Everything in the listing should be set down exactly, apart from the pictures.

• [Data records]
....................

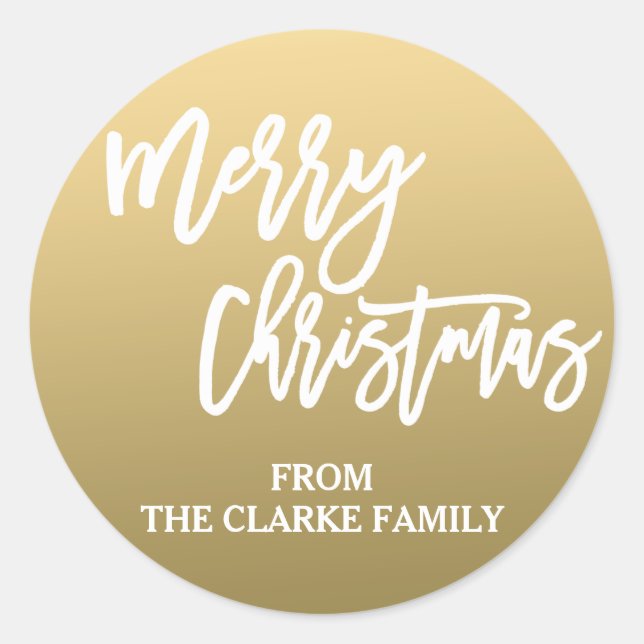 Gold White Script Merry Christmas Holiday Sticker (Front)
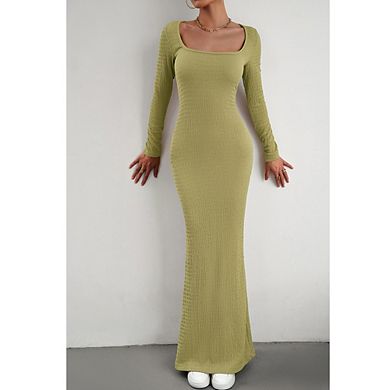 Women's Chic Slim Fit Knit Dress Square Neck Long Sleeve Commute Date Wear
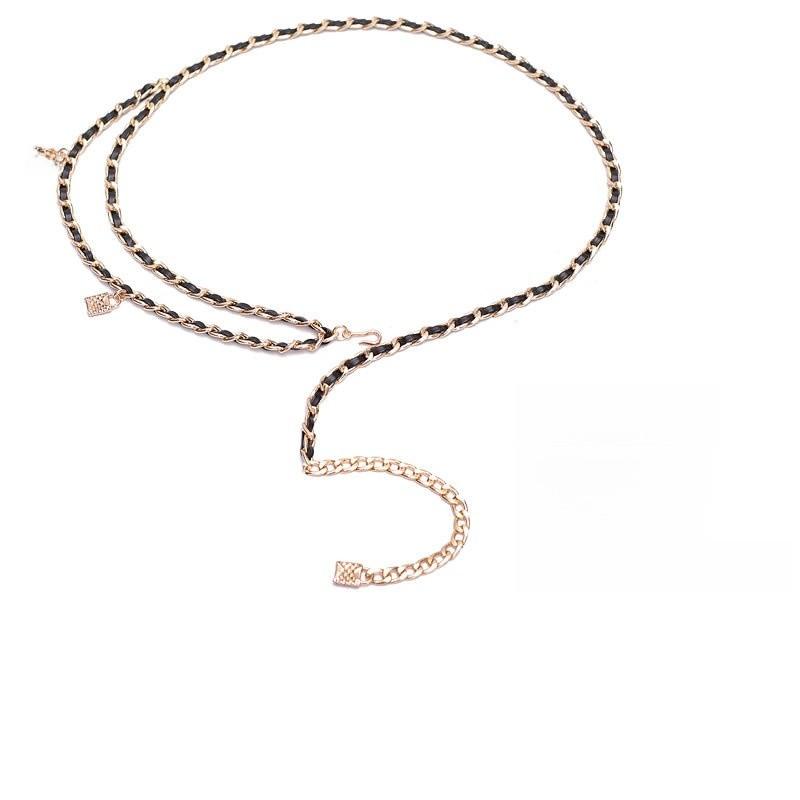 Small Fragrance Waist Chain For Women Metal Elegant Belt With Tassel Details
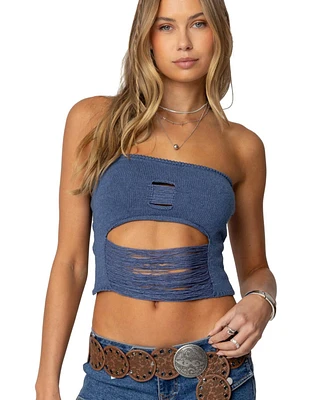 Edikted Womens Laurier Distressed Knit Tube Top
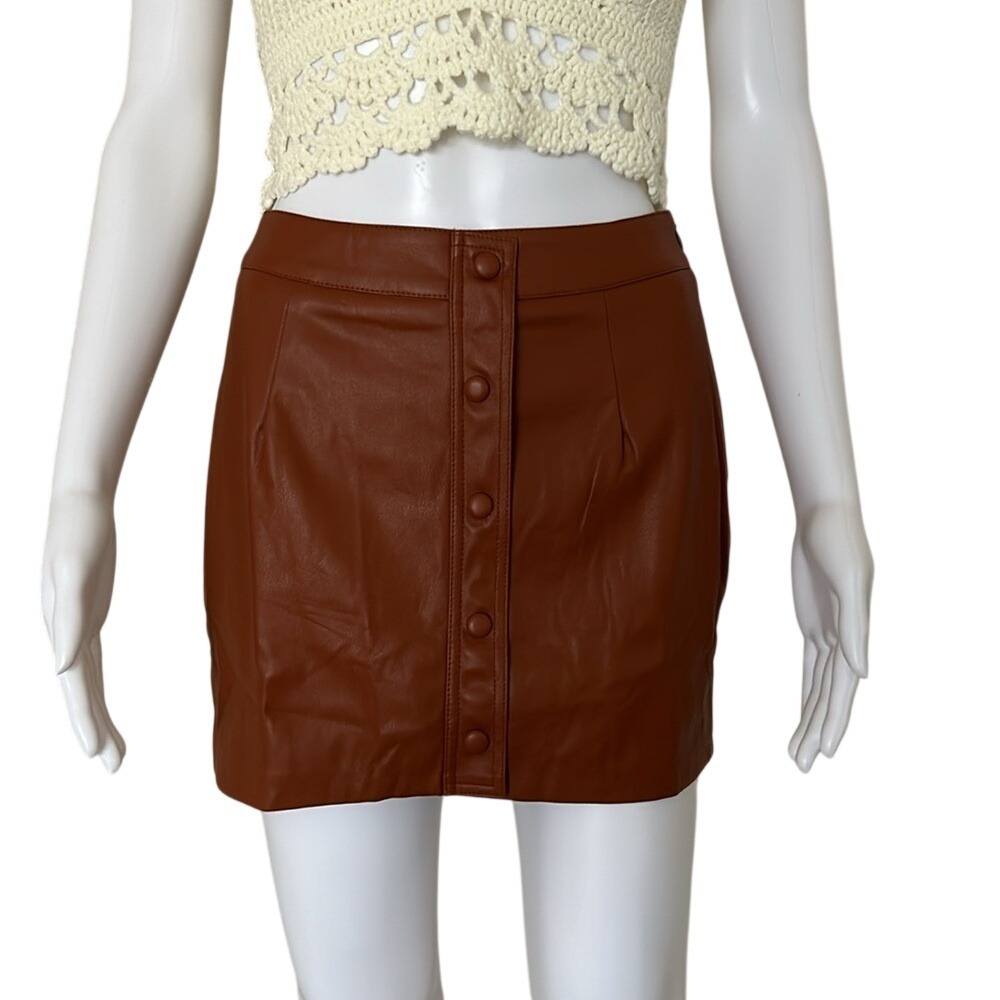 Lulu's Most Fab Brown Vegan Leather Button-Front side zip Mini Skirt XS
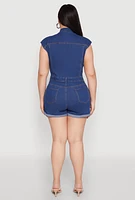 Womens Plus Daisy Cargo Pocket Denim Romper, Blue,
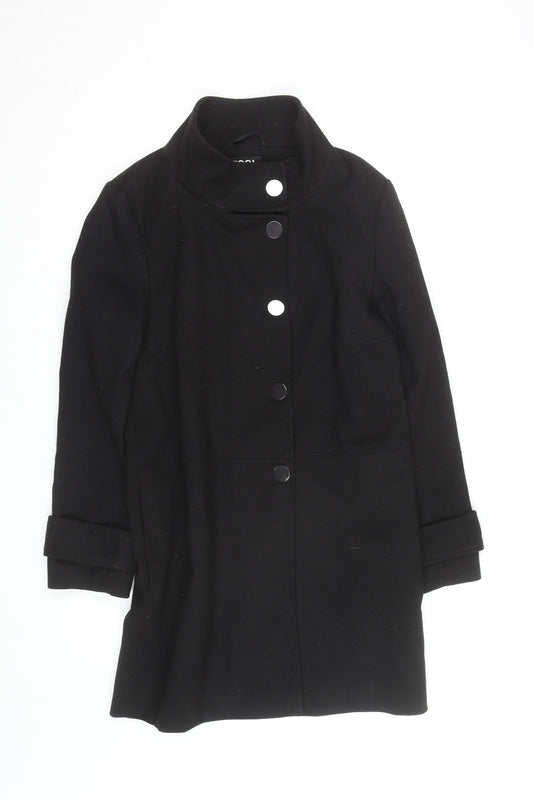 Debenhams Women’s Black Mid-Length Coat Size 10 Classic Overcoat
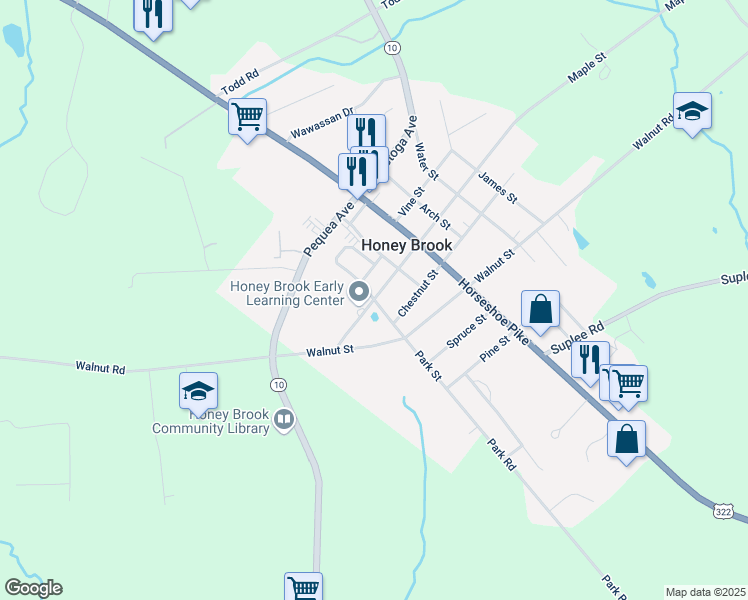 map of restaurants, bars, coffee shops, grocery stores, and more near 3 Park Street in Honey Brook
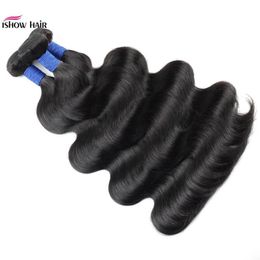 Ishow 10A Péruvienne Vague de Corps Cheveux Humains 34 Bundles Offres Crépus Bouclés Lâche Profonde Indien Remy Extensions de Trame de Cheveux Droites pour Wom3442635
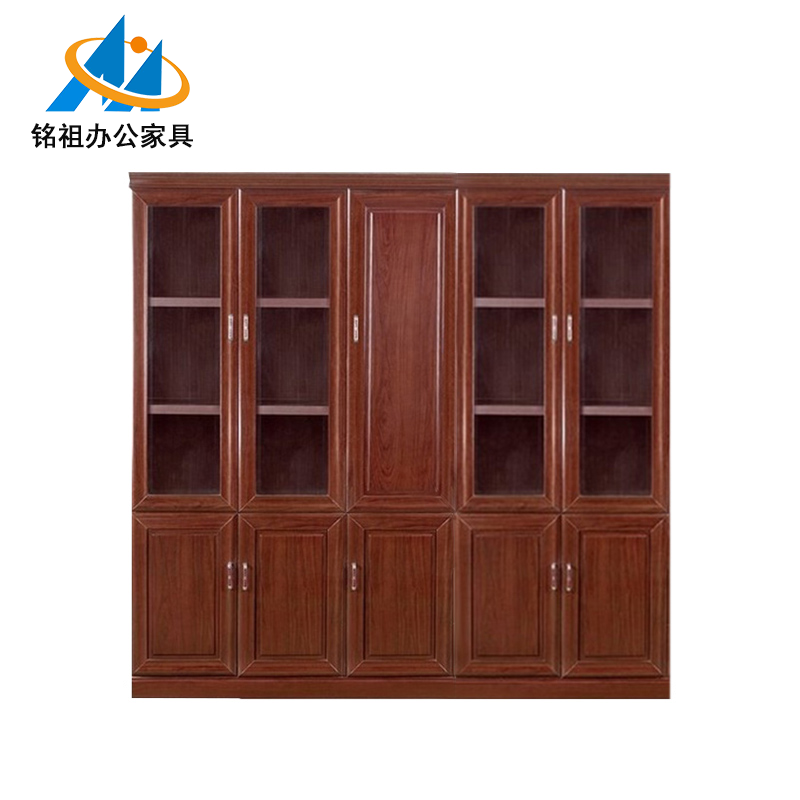 五门油漆带玻璃文件柜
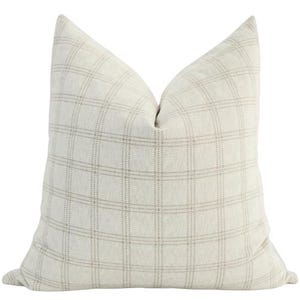Tailored Check | Birch Pillow Cover, Cream Pillow Cover, Distressed Pillow Cover, Pillow Cover, Designer Pillow, Hackner Home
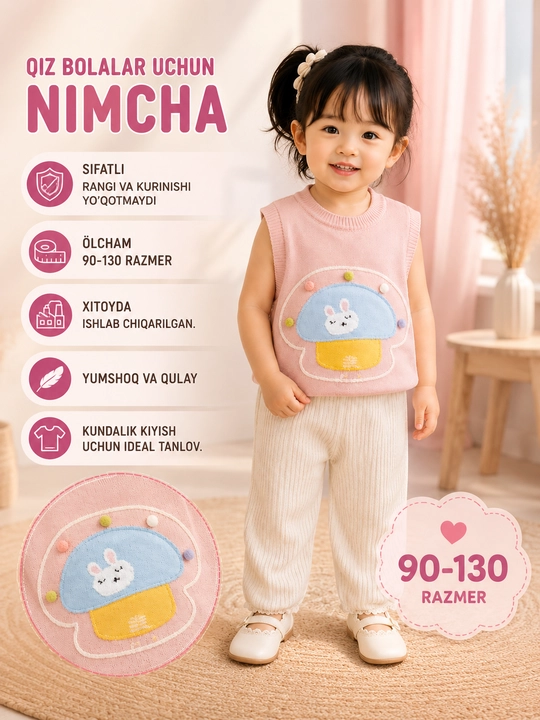 1 yoshdan 5 yoshgacha bo‘lgan bolalar uchun kundalik nimcha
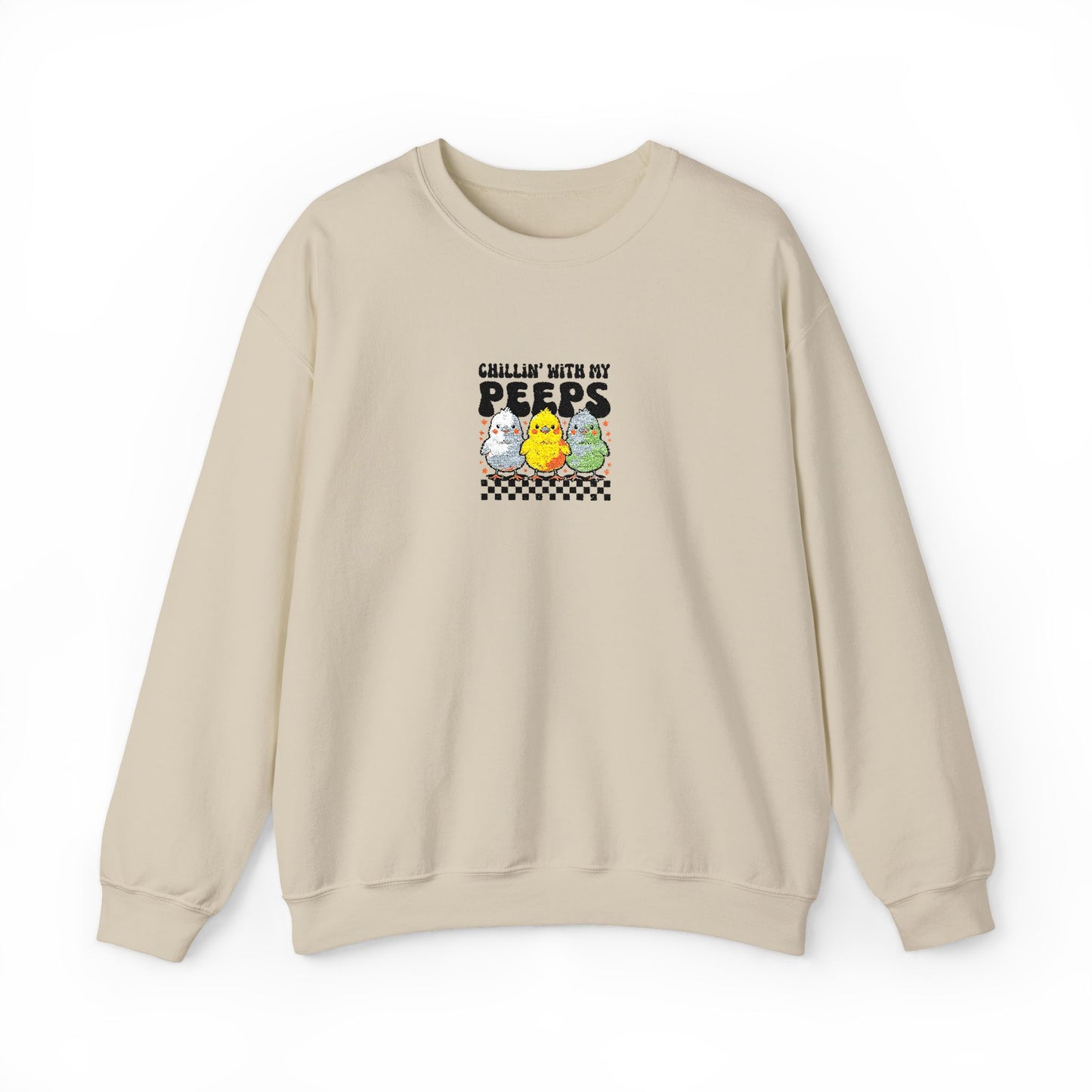 Chilling With My Peeps Unisex Heavy Blend™ Crewneck Sweatshirt (Embroidery Decoration)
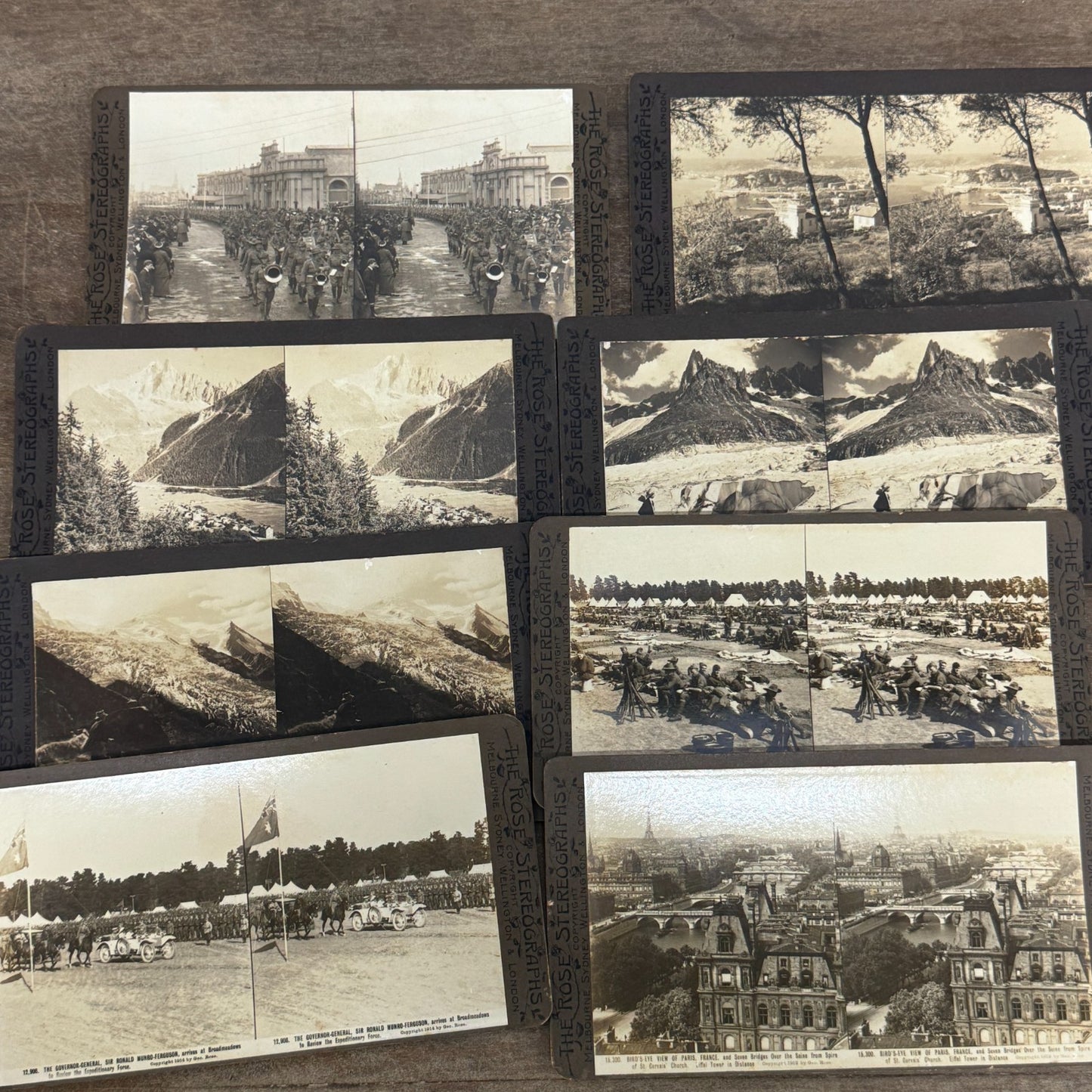1910s Rose Stereographs - Old Photographs - Boxed Lot - Australian Military WWI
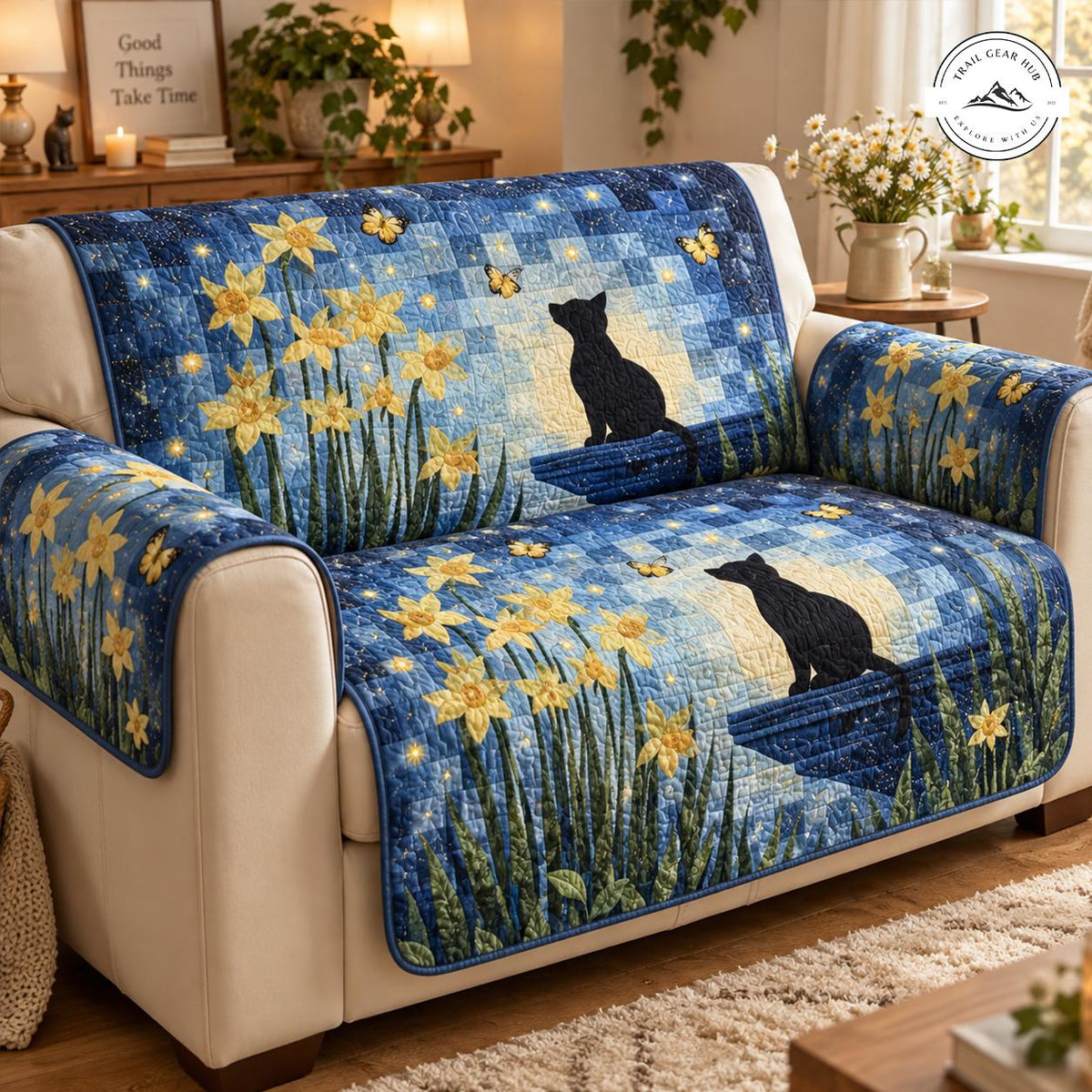 Night Sky Black Cat & Daffodil Quilted Seat Sofa TN111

....................

• [Result for this exercise]
 Gold White Script Merry Christmas Holiday Sticker (Front)
 Women's Chic Slim Fit Knit Dress Square Neck Long Sleeve Commute Date Wear
 Small Fragrance Waist Chain For Women Metal Elegant Belt With Tassel Details
 Edikted Womens Laurier Distressed Knit Tube Top
 Lulu's Most Fab Brown Vegan Leather Button-Front side zip Mini Skirt XS
 Womens Plus Daisy Cargo Pocket Denim Romper, Blue,
 Debenhams Women’s Black Mid-Length Coat Size 10 Classic Overcoat
 map of restaurants, bars, coffee shops, grocery stores, and more near 3 Park Street in Honey Brook
 Ishow 10A Péruvienne Vague de Corps Cheveux Humains 34 Bundles Offres Crépus Bouclés Lâche Profonde Indien Remy Extensions de Trame de Cheveux Droites pour Wom3442635
 五门油漆带玻璃文件柜
Tailored Check | Birch Pillow Cover, Cream Pillow Cover, Distressed Pillow Cover, Pillow Cover, Designer Pillow, Hackner Home
 1 yoshdan 5 yoshgacha bo‘lgan bolalar uchun kundalik nimcha
 Chilling With My Peeps Unisex Heavy Blend™ Crewneck Sweatshirt (Embroidery Decoration)
1910s Rose Stereographs - Old Photographs - Boxed Lot - Australian Military WWI
 Night Sky Black Cat & Daffodil Quilted Seat Sofa TN111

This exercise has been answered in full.